Let us say we have 2 motorcycles of exactly the same model, the same age and similar mileage. In this instance I'll suggest a pair of CLR 125s because I know these are carburetted, both have about 7,000 miles on the clock and both are '03 registered. Both have been sat in the same garage and both were last used yesterday. Start 'em up.

One will need full choke and refuse to tick over until it's been on the road for 5 minutes. The other won't need any choke no matter how cold or damp it is. Dagnammit!

A handlebar mounted choke lever on a motorcycleTo choke or not to choke? That is the question.

Most motorcycles have starting instructions in the owner's handbook. Typically it would suggest full choke on cold days for a few minutes then close the choke. And yet in my experience every bike has its own individual quirks and foibles. My SLR 650 required choke even on a warm day if it had been stood for more than 5 minutes yet the NTV 600 Revere never once wanted choke but did like a little blip of the throttle to wake it up. The Fazer 600 was an indecisive bugger that would keep me guessing from month to month.

Why? I don't actually know, but I can take a guess. No two motorcycles come out of the factory exactly the same nor do they experience the same usage. One may have been run in really carefully while the other bike was thrashed from the first mile. One may have been regularly professionally serviced while the other may never have seen a spanner. Storage conditions may differ. One may be used for short commutes while the other is only used on warm dry weekends. No matter how similar motorcycles may be in age and mileage they all experience different lives.

This is all very well and good, a mechanically sympathetic owner soon works out how to start their own machine after a few weeks. But what of these modern machines where there is no choke?

A motorcycle with out choke lever on the barsARGH!!! Where's me choke lever gone?

Deep inside the injection system of an injected motorcycle lies a program to start the bike. The computer, once the ignition is switched on, will at least know the temperature of the engine if not the temperature of the air. The computer is pre-programmed with a set of instructions for starting in the cold. I would guess that involves putting more fuel in then possibly opening the idle air control valve a little. That's great, that's the equivalent of putting on the choke. But...but what if this engine is one of those that rarely needs choke?

High end motorcycles may have enough computing power to apply a learning algorithm. This system keeps a record of settings to start the engine in various conditions and some means of recording how well the engine started. This database is updated, manipulated and adjusted each time the motor starts to ensure the best possible settings for a wide variety of temperatures. Heck these trick machines may even know about humidity, atmospheric pressure and how long it is since the engine was last running. All this data means the computer is well ahead of the game.

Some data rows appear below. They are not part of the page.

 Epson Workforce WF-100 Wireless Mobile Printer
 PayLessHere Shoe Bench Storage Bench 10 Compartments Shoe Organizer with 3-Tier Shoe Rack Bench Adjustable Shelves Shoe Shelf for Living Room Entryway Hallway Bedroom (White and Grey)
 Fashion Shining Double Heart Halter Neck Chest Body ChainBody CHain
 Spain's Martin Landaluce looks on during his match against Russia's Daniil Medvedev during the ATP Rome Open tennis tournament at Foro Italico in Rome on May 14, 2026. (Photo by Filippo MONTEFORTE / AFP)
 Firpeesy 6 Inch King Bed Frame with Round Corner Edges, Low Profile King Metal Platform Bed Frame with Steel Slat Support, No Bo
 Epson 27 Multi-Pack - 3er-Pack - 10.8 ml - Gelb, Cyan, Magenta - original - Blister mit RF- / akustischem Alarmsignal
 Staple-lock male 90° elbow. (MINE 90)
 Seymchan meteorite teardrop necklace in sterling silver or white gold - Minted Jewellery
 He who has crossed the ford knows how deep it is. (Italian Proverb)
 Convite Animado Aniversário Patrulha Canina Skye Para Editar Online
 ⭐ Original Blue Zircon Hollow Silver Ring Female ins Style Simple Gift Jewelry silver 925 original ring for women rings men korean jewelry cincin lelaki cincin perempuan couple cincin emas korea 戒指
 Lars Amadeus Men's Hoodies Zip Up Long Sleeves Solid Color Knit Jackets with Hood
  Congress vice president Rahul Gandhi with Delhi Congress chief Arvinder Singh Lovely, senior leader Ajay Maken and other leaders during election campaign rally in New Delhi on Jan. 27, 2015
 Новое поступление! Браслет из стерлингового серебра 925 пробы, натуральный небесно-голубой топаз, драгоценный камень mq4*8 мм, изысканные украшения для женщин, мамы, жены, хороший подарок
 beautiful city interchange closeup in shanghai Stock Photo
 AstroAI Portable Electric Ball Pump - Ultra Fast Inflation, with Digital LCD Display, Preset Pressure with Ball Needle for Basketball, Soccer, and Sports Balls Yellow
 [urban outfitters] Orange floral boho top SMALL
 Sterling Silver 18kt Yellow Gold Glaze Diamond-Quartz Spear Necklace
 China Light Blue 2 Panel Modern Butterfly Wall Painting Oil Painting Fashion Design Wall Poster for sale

Bear in mind though, if you replace the computer with one from another motorcycle the learning curve has to start all over again, the bike may not even start at all.

But my Honda CBF 125? I very very much doubt that has such an advanced computer. There will likely be a simple set of instructions to start the engine dependant only on engine oil temperature alone - there is only an engine oil temperature sensor. And yet it works time and time and time again. It starts and ticks over happily be it sub zero and icy, cold wet and windy or on those rare occasions it is warm and dry. How does it do this? 

Witchcraft...magic and wizardry. Beelzebub bring forth fire from Hades to ignite the fuel.

A throttle body from the injection system CBF 125Magic...CBF125 injection...witchdraft and wizardy is within.

Reader's Comments

Bob said :-
Not magic - pressurised fuel lines.
The biggest difference between carbs and FI is that in the FI the fuel system is pressurised. On a cold start you need the engine to get up a vacuum to drag the cold dense fuel up from the float bowl, possibly through jets which have water condensation in them.
But if you have FI, the fuel is under pressure, the injector opens and the fuel can't wait to shoot straight into the waiting engine. It's like every start is a hot start.

BTW that's why I've found on older bikes that the ones with the plunger (or "two stroke style") enrichmener are a damn sight easier to start than the ones with the car style choke butterfly.
22/02/2016 13:34:46 UTC
Ian Soady said :-
I like the home-made mirror extenders - just like mine:


22/02/2016 15:05:13 UTC
Ian Soady said :-
"BTW that's why I've found on older bikes that the ones with the plunger (or "two stroke style") enrichmener are a damn sight easier to start than the ones with the car style choke butterfly."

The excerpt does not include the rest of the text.